Aim of the exercise: Write out the records that follow exactly. Do not include pictures.

Saved data entries
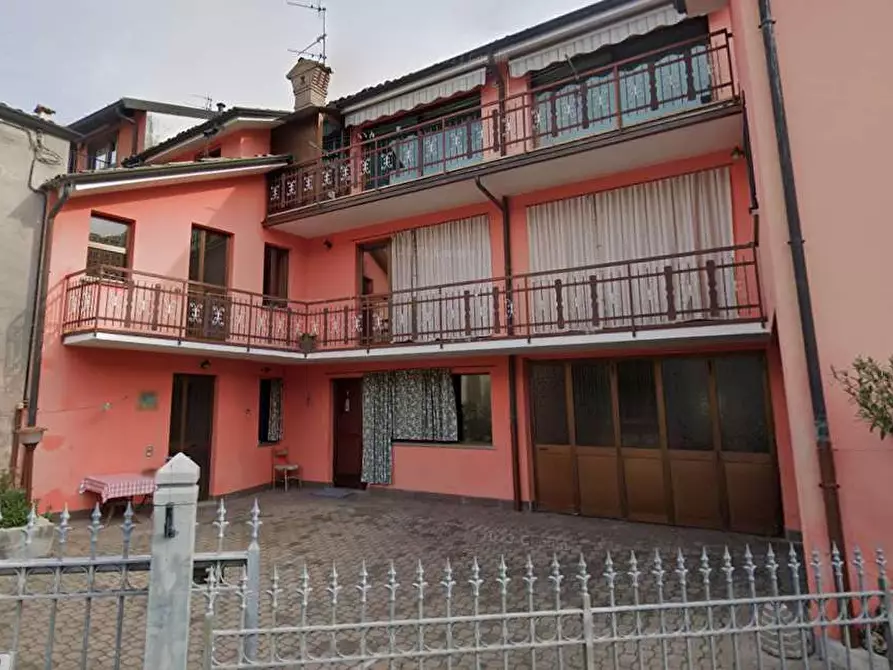 Immagine 4 di Appartamento in vendita  in Via Ca' Bosio  a Peia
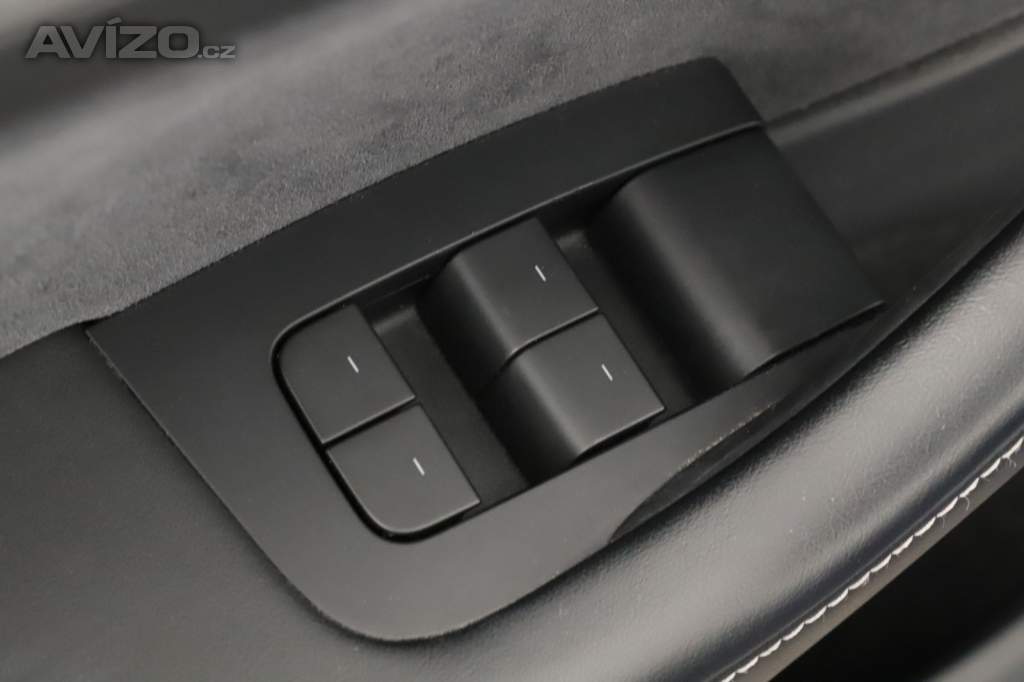 Foto inzerátu Tesla Model Y Long Range AWD 79kWh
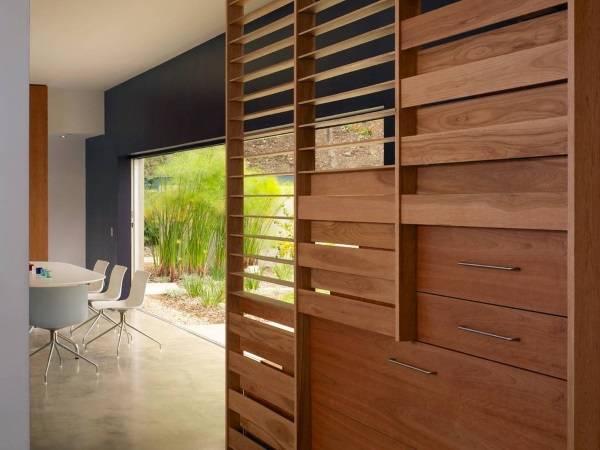 Создавайте комфортные пространства в больших комнатах-Дизайн интерьера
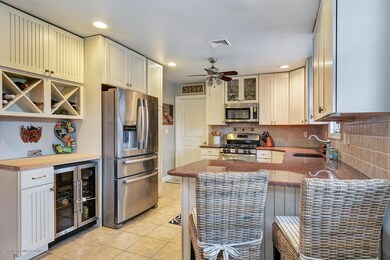 8 River Ln Long Branch NJ-large-010-5-4M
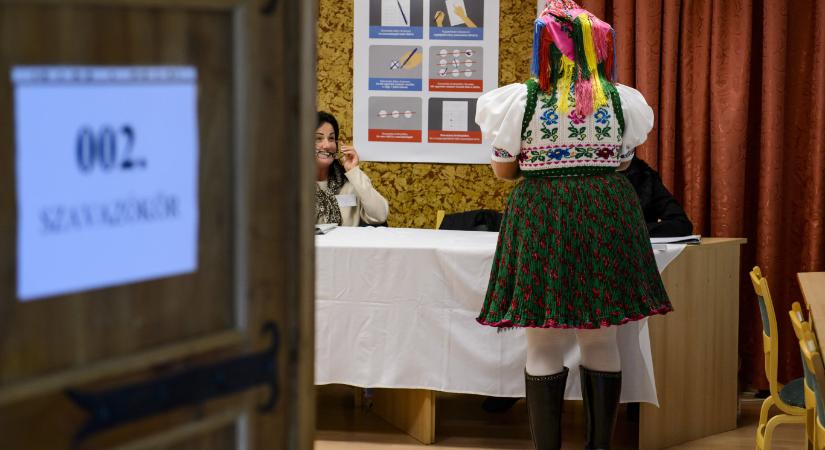 Hadházy „felerősödő romaellenes hergelésről” ír egy olyan „önazonossági” rendelet nyomán, ami csak a szociális lakásokba költözőket sújtja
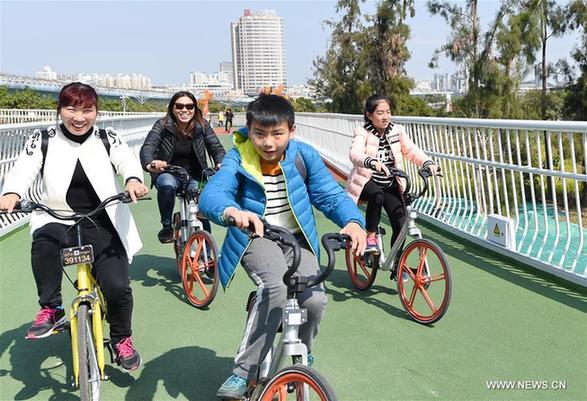 China's 1st bicycle path in air starts trial run in Xiamen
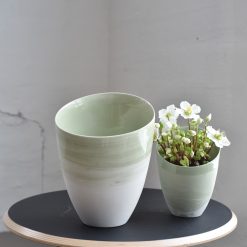 Alternative view of SKRÅ Vase Stor, Marmorert grønn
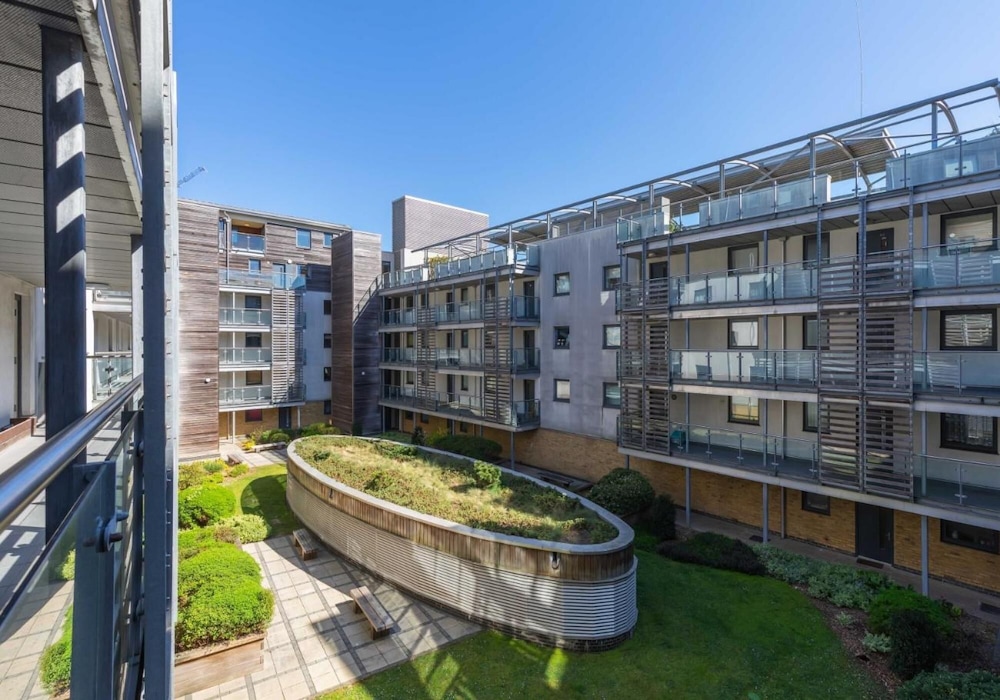 Central Garden View Modern 2 Bedroom 2 Bathroom Apartment Balcony view 2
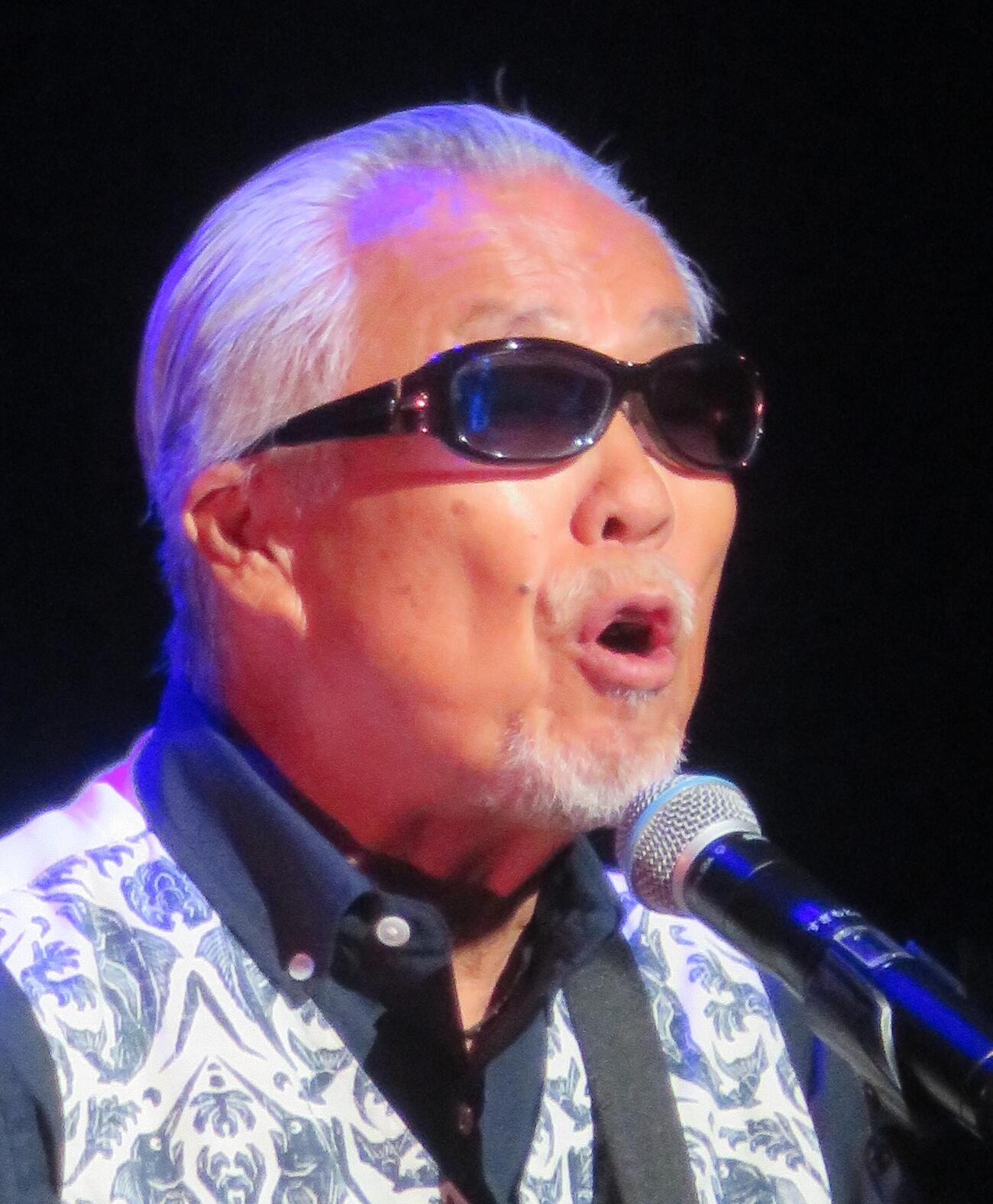 浜圭介氏の作曲家生活60周年記念の「リスペクトコンサート」で歌唱す、すぎもとまさと（撮影・松本久）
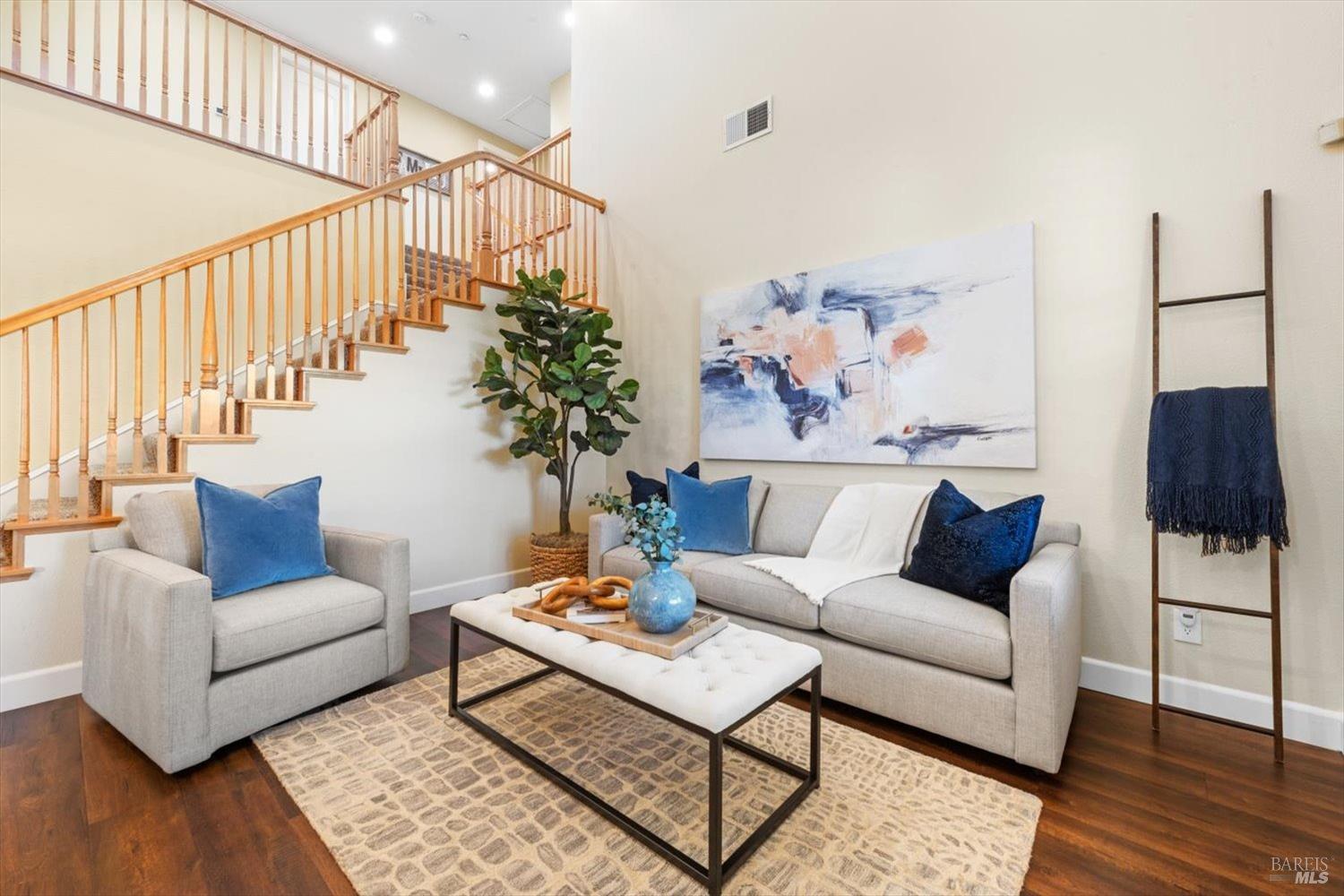 455 Peacock Way Vacaville CA 95688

Finished task:
 Immagine 4 di Appartamento in vendita  in Via Ca' Bosio  a Peia
 Foto inzerátu Tesla Model Y Long Range AWD 79kWh
 Создавайте комфортные пространства в больших комнатах-Дизайн интерьера
 8 River Ln Long Branch NJ-large-010-5-4M
 Hadházy „felerősödő romaellenes hergelésről” ír egy olyan „önazonossági” rendelet nyomán, ami csak a szociális lakásokba költözőket sújtja
 China's 1st bicycle path in air starts trial run in Xiamen
 Alternative view of SKRÅ Vase Stor, Marmorert grønn
 Central Garden View Modern 2 Bedroom 2 Bathroom Apartment Balcony view 2
 浜圭介氏の作曲家生活60周年記念の「リスペクトコンサート」で歌唱す、すぎもとまさと（撮影・松本久）
 455 Peacock Way Vacaville CA 95688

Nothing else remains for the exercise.